§ **EXERCISE DESCRIPTION**: If a record holds a picture, omit the picture, but copy everything else below exactly.

§ **EXERCISE INPUT**:
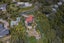 4 Wiremu Road, Tairua, Tairua - Carousel 28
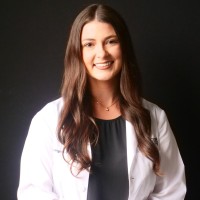 Sarah Langlois, Mms, Pa-C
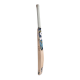 SG IK Ultimate English Willow Cricket Bat (Ishan Kishan Series) SG IK Ultimate English Willow Cricket Bat (Ishan Kishan Series)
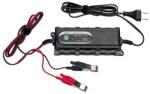 Platinet Incarcator Smart Auto Universal 3.8a 6-12v (pcbc38) - pcone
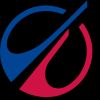 Logo Jungfreisinnige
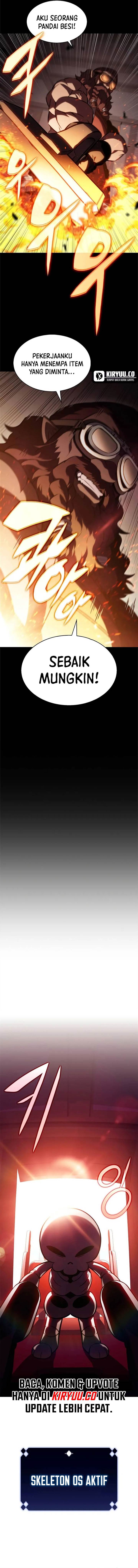 image-komik-solo-max-level-newbie-chapter-192-1/19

§ **OUTPUT FOR THIS EXERCISE**:
 4 Wiremu Road, Tairua, Tairua - Carousel 28
 Sarah Langlois, Mms, Pa-C
 SG IK Ultimate English Willow Cricket Bat (Ishan Kishan Series) SG IK Ultimate English Willow Cricket Bat (Ishan Kishan Series)
 Platinet Incarcator Smart Auto Universal 3.8a 6-12v (pcbc38) - pcone
 Logo Jungfreisinnige
 image-komik-solo-max-level-newbie-chapter-192-1/19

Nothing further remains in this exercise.